ME Time!

I would love to have a day where it's just me doing what I like. Instead, I have to grasp the fact that I have not had that luxury in almost two years and will not have that luxury ever again. That's not to say it's a bad thing, it just is my life evolving as we make our family grow. But in the process I have lost a lot of who I use to be. I take things much more seriously now and I find myself becoming more and more OCD than ever before (it's insane actually). The constant need I feel to make everything around me clean and perfect is much more than even I can take at this point and I need to try something new to break me of this habit.

Although I could have far greater flaws, there is nothing quite like needing things to be planned out and executed to perfection. Here's a little example. I am exhausted...like literally, cannot keep my eyes open. Just when I put my son down for a nap, I figure I'd take one too. I lay down on the couch to get a quick snooze in before my husband gets home and bam! I see it. Staring at me. It's practically screaming my name. Daring me to try and relax and fall into a coma for the next 20 minutes. But I can't. The urge is too strong for me to ignore. I cannot rest until I take care of this jerk!

Who is this jerk I speak of? The one mocking me? Smirking at me as though to say "ha bitch, got you again."? Well ladies and gentlemen, it's a goldfish. Let me be a bit more precise...it's my son's baked, cheddar cheese snack made by Pepperidge Farm. (Yeah, that kind of goldfish.) It was just on the floor, lounging around in front of the TV console. Could it have waited to be swept up while I took care of my body's basic need for sleep? I believe so. Could I just leave it there and get to it later? NO! I couldn't! I am helpless in these situations. Next thing I know, I have the broom in my hand and I'm sweeping up the entire living room floor. I'm going under the couches, I'm in the hallway, I go to the kitchen. I sweep, sweep, sweep. Next thing I know, I'm dusting, I'm disinfecting... I'm scrubbing the damn bathtub! An hour goes by and my son is waking up from his nap. What the hell? Where did the time go? I just wanted to take a frickin nap!

And so my life plays out like this over and over all day, every day. I'm so use to it but still frustrated by it. I take out my overworked frustrations on others and then I am sitting on the same couch I was suppose to nap on hours before, drenched in sweat and still exhausted. When did I stop allowing myself "me time"? When did everything else like messes, chores, errands, kids and other things get in the way of making myself happy with a few minutes to do something that will make me feel like myself and rejuvenated?

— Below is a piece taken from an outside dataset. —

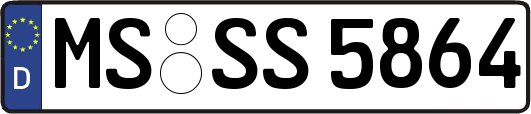 MS-SS5864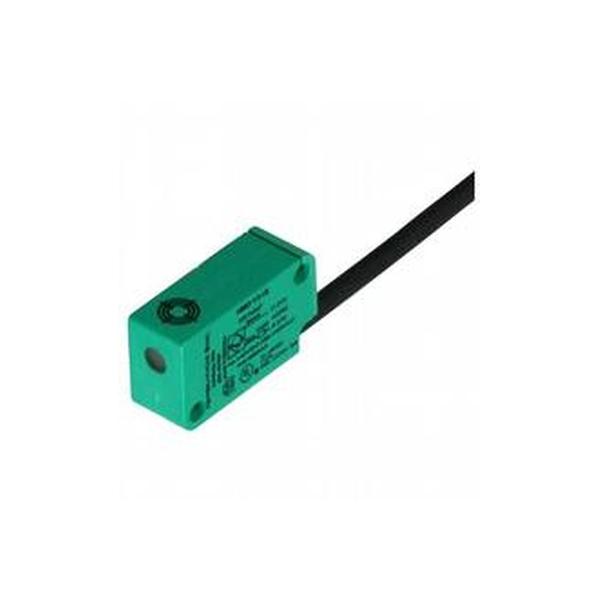 Pepperl+Fuchs Induktiver Sensor 094347 Typ NBB2-V3-US Pepperl+Fuchs Induktiver Sensor 094347 Typ NBB2-V3-US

The short answer is that I don't know. I know I've always had this "problem" but since staying at home I have seen it get worse and worse. I act as though I am on the clock and this is my office and I have to be on my game until it's time to go home. But I'm always home. I'm always at the office. The trick is to find a balance. There has to be "me time" and then everything else time. Just like everyone deserves. So, in order to make this happen, I have decided to try and make "me time". Maybe staying up a little later or using some of my son's nap time to focus on my hobbies will make me feel a little better. I'm not sick or anything, I'm just in a funk sometimes and it's definitely because of this no balance thing. So my goal is to work on a few hobbies I have throughout the day. I can still be a mother and wife and take care of a house and not feel guilty for taking a few minutes here and there for myself. I mean let's face it...if mamma ain't happy, ain't nobody happy. So let's make me happy.

Being able to write this down really gave me some time to myself. Quiet, uninterrupted, much deserved time. See, I already feel better and ready to start dinner! It's working already! Go Me Time!